• What the exercise asks: Your output must be the lines below from the line containing "A for lease" to the line containing "Ein modernes Wohnzimmer", both lines included, reproduced exactly and without pictures.

• Data provided:
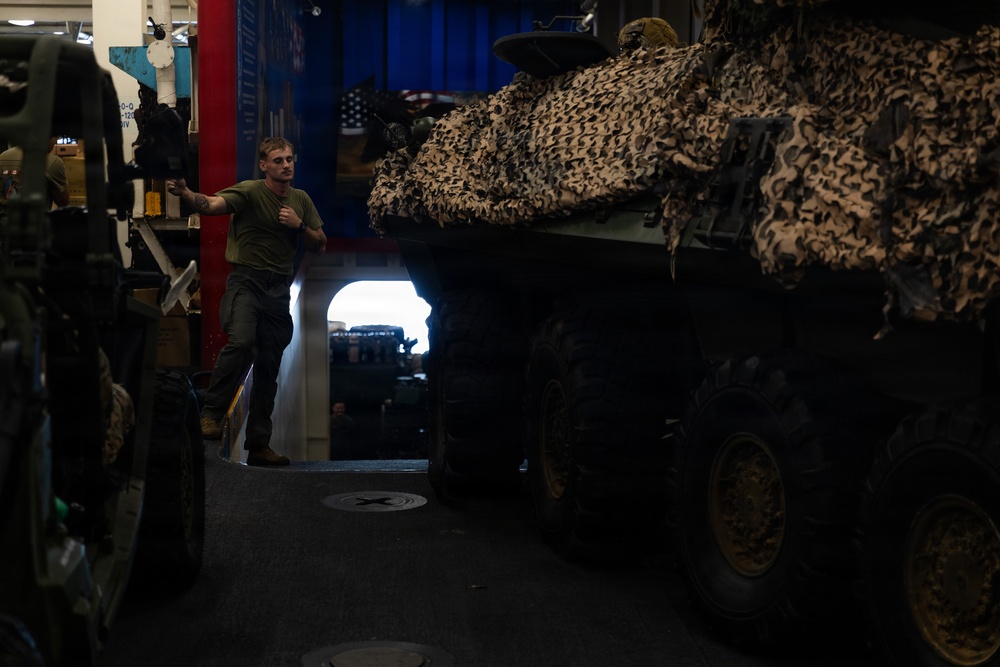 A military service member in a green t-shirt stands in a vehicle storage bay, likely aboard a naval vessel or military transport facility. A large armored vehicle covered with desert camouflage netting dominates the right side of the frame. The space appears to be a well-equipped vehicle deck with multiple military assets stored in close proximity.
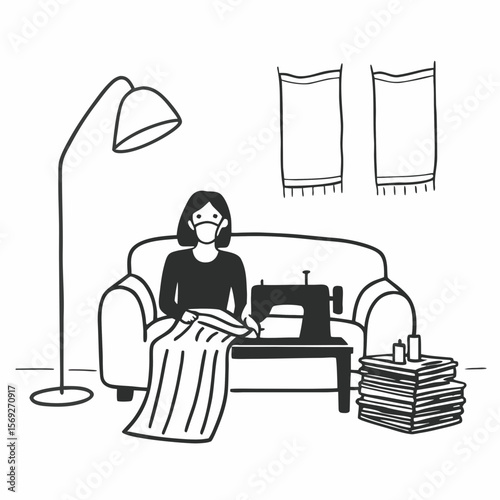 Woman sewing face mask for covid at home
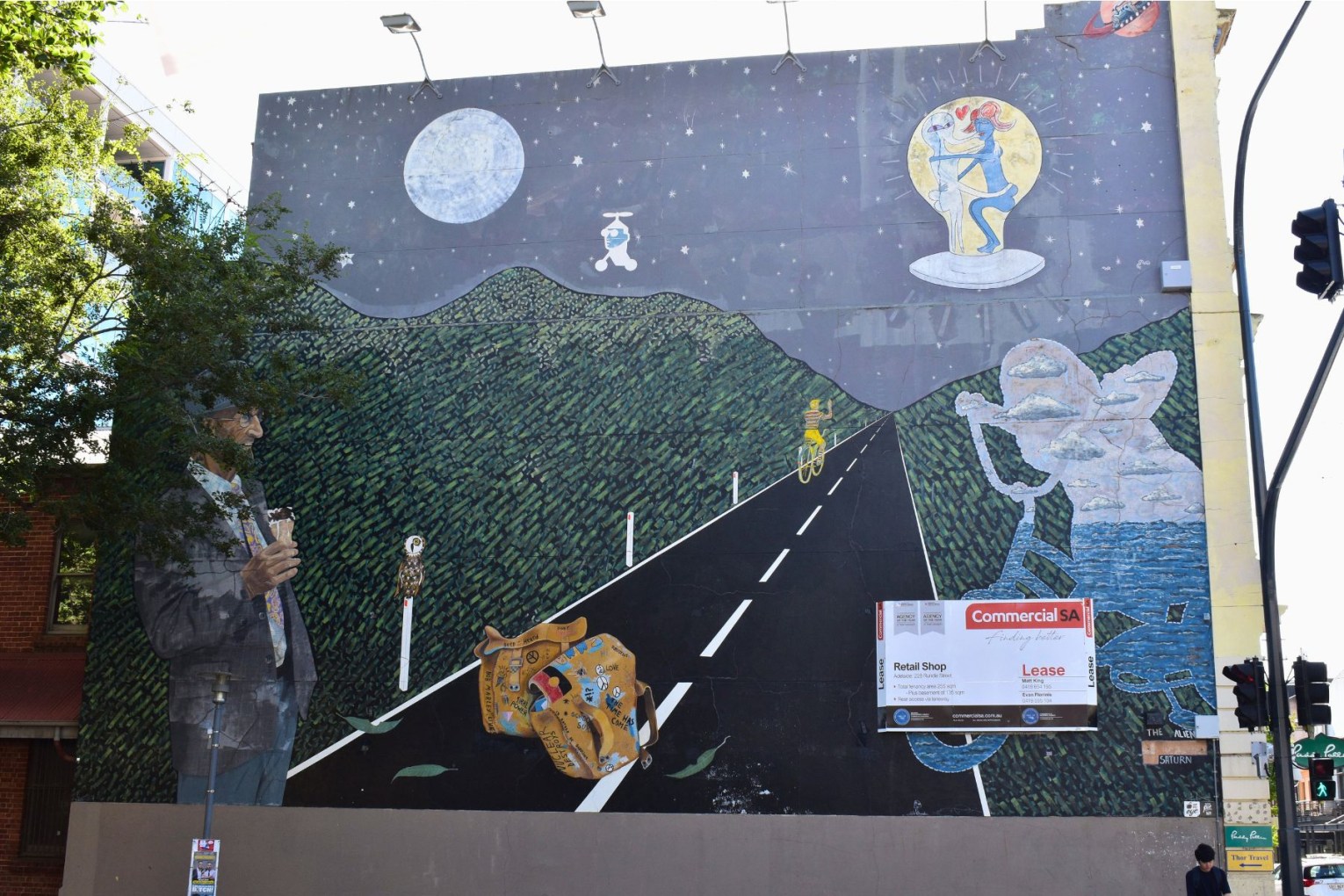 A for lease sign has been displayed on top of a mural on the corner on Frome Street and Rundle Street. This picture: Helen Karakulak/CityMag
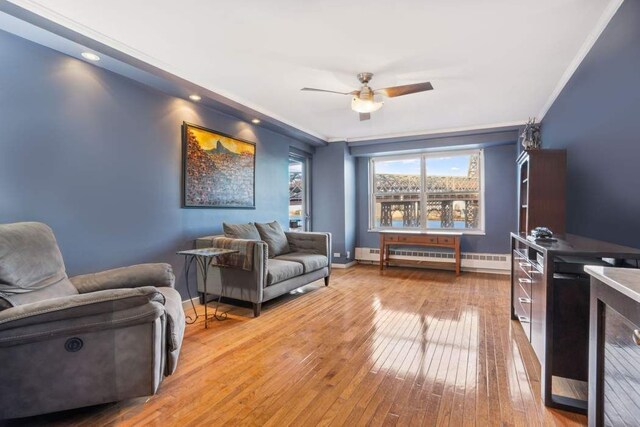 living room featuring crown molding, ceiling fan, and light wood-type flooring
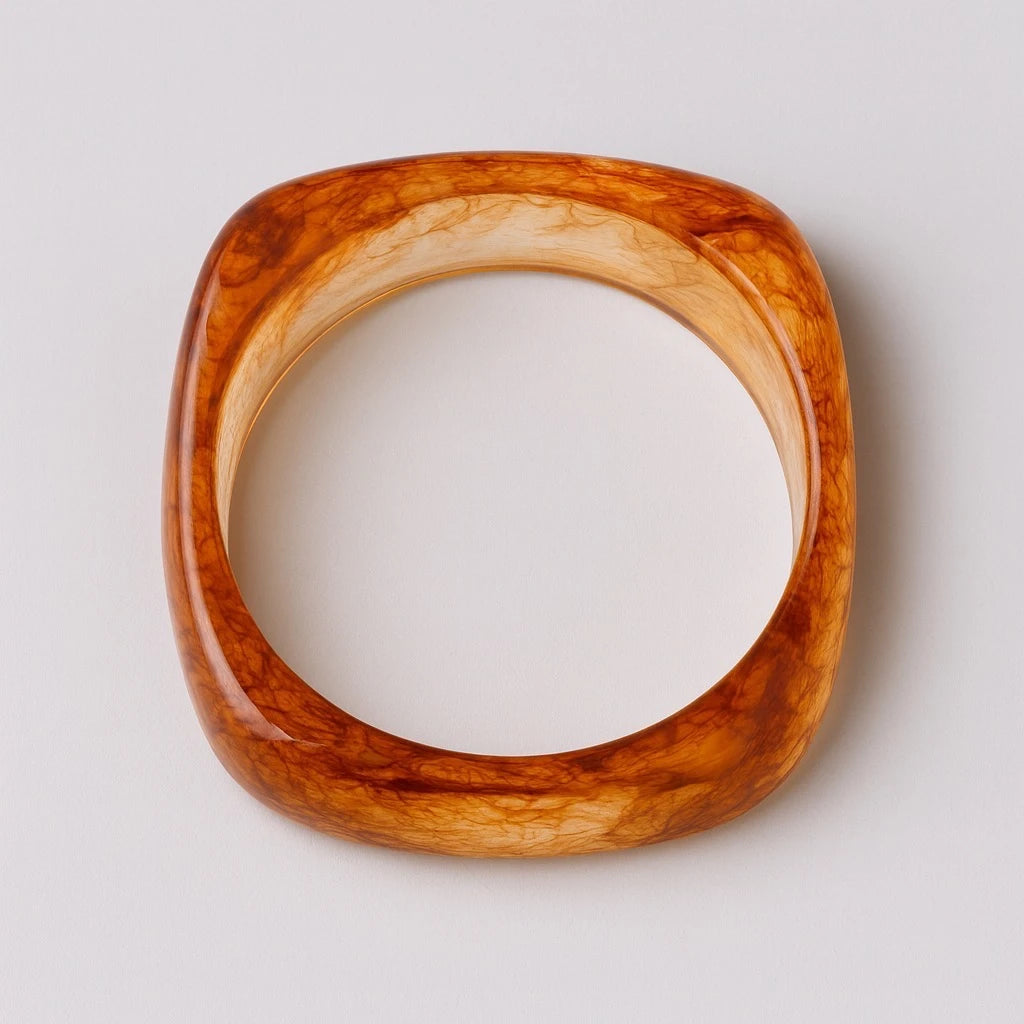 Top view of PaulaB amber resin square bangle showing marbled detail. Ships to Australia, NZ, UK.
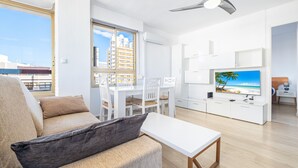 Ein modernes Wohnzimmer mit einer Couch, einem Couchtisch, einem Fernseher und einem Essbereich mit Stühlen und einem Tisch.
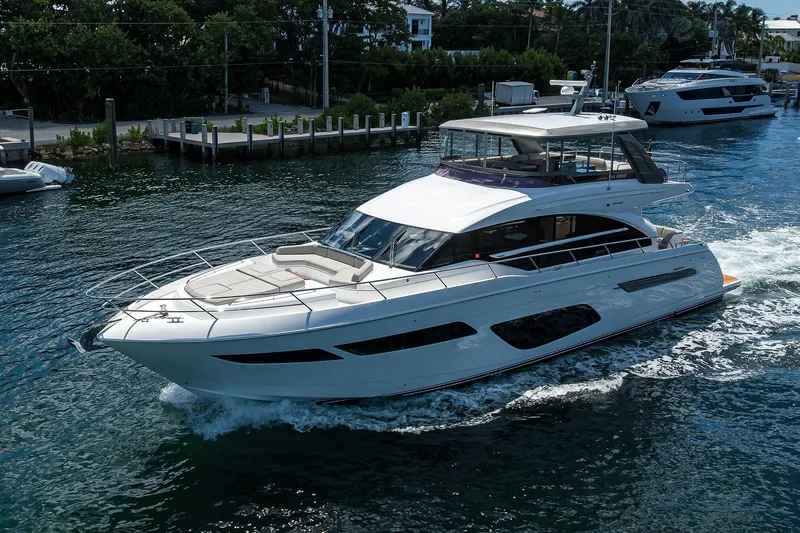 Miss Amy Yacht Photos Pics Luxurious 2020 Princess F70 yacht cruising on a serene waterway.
==
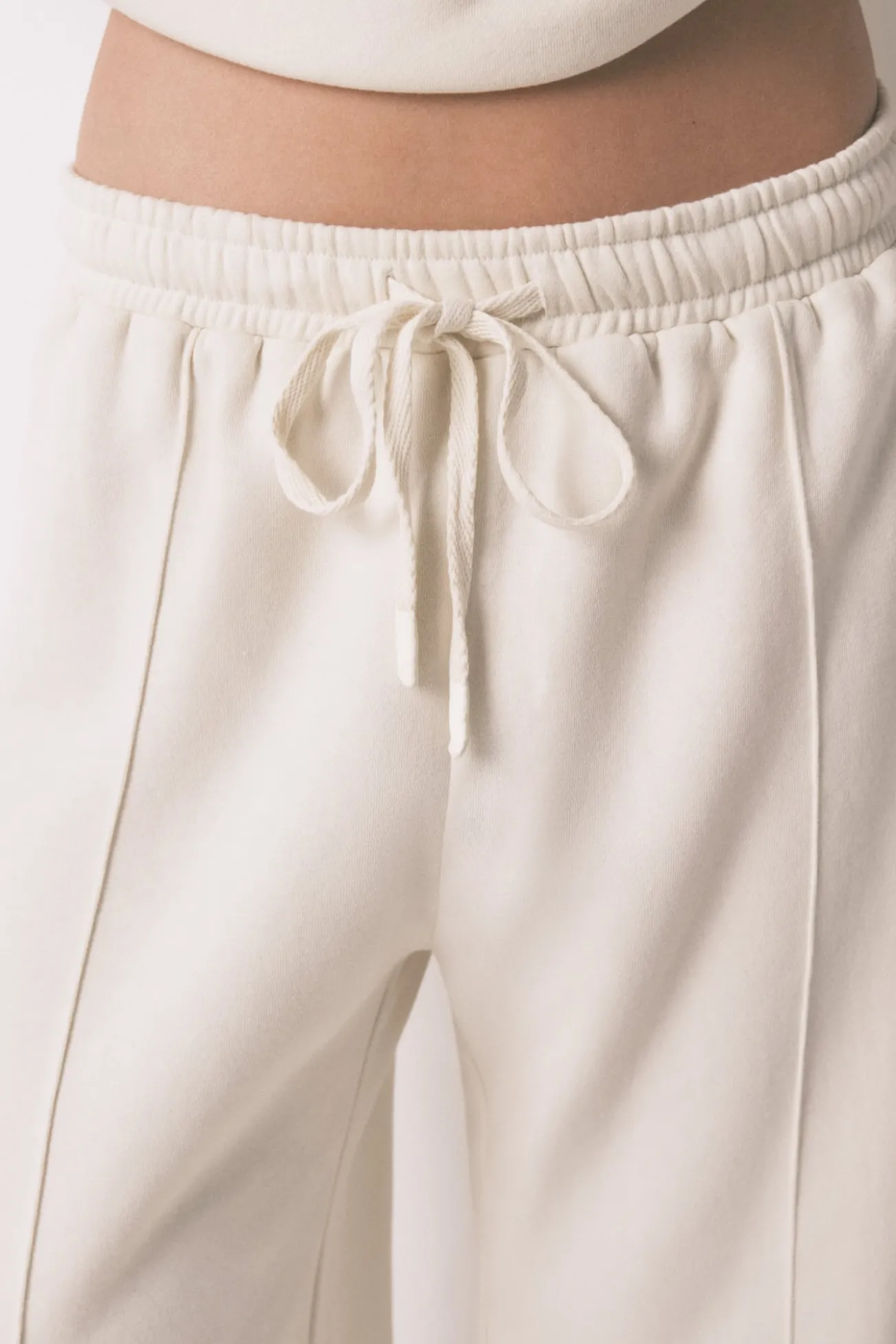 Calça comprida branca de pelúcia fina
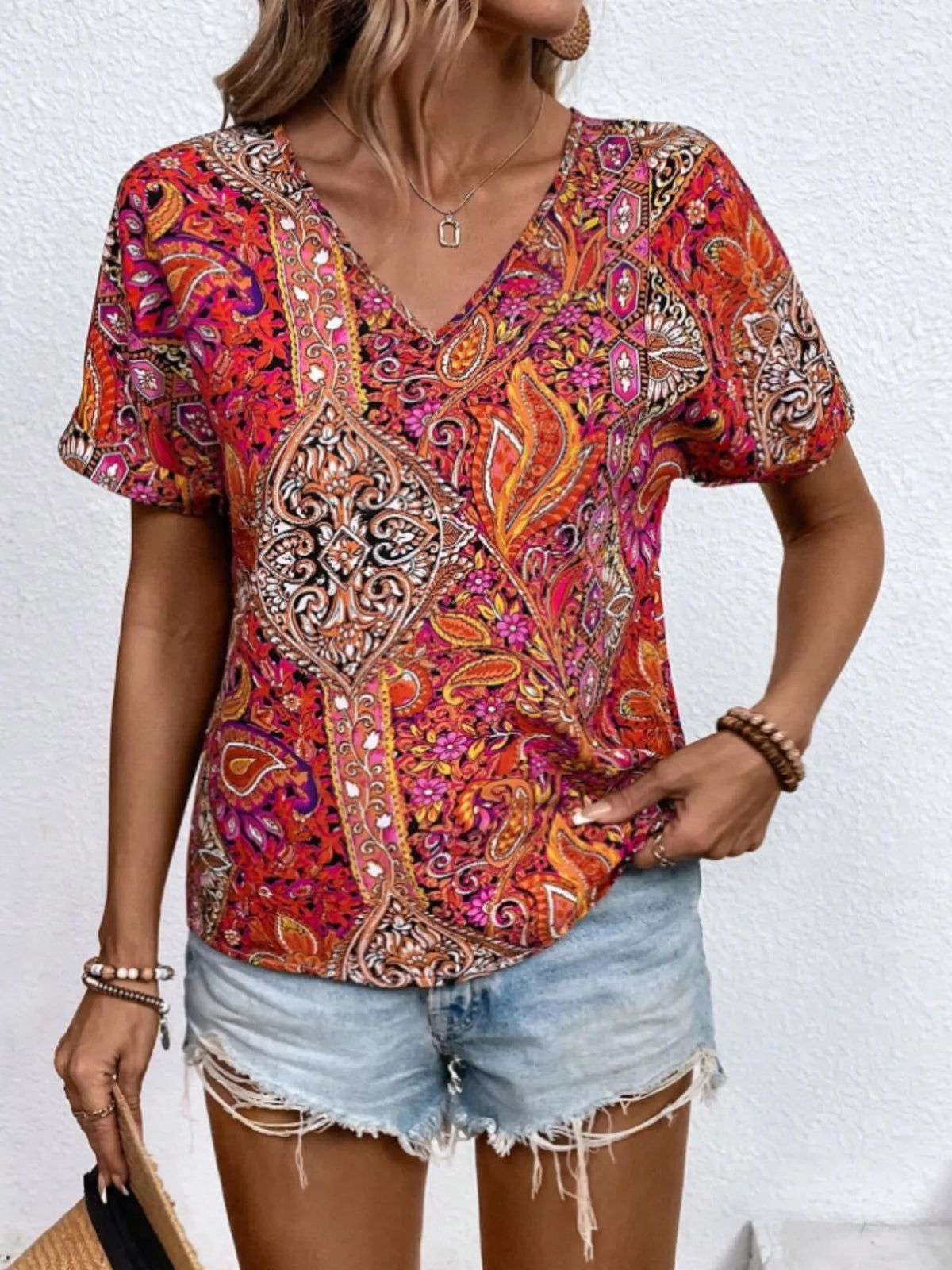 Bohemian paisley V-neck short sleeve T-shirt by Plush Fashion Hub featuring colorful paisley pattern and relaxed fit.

• Output below:
 A for lease sign has been displayed on top of a mural on the corner on Frome Street and Rundle Street. This picture: Helen Karakulak/CityMag
 living room featuring crown molding, ceiling fan, and light wood-type flooring
 Top view of PaulaB amber resin square bangle showing marbled detail. Ships to Australia, NZ, UK.
 Ein modernes Wohnzimmer mit einer Couch, einem Couchtisch, einem Fernseher und einem Essbereich mit Stühlen und einem Tisch.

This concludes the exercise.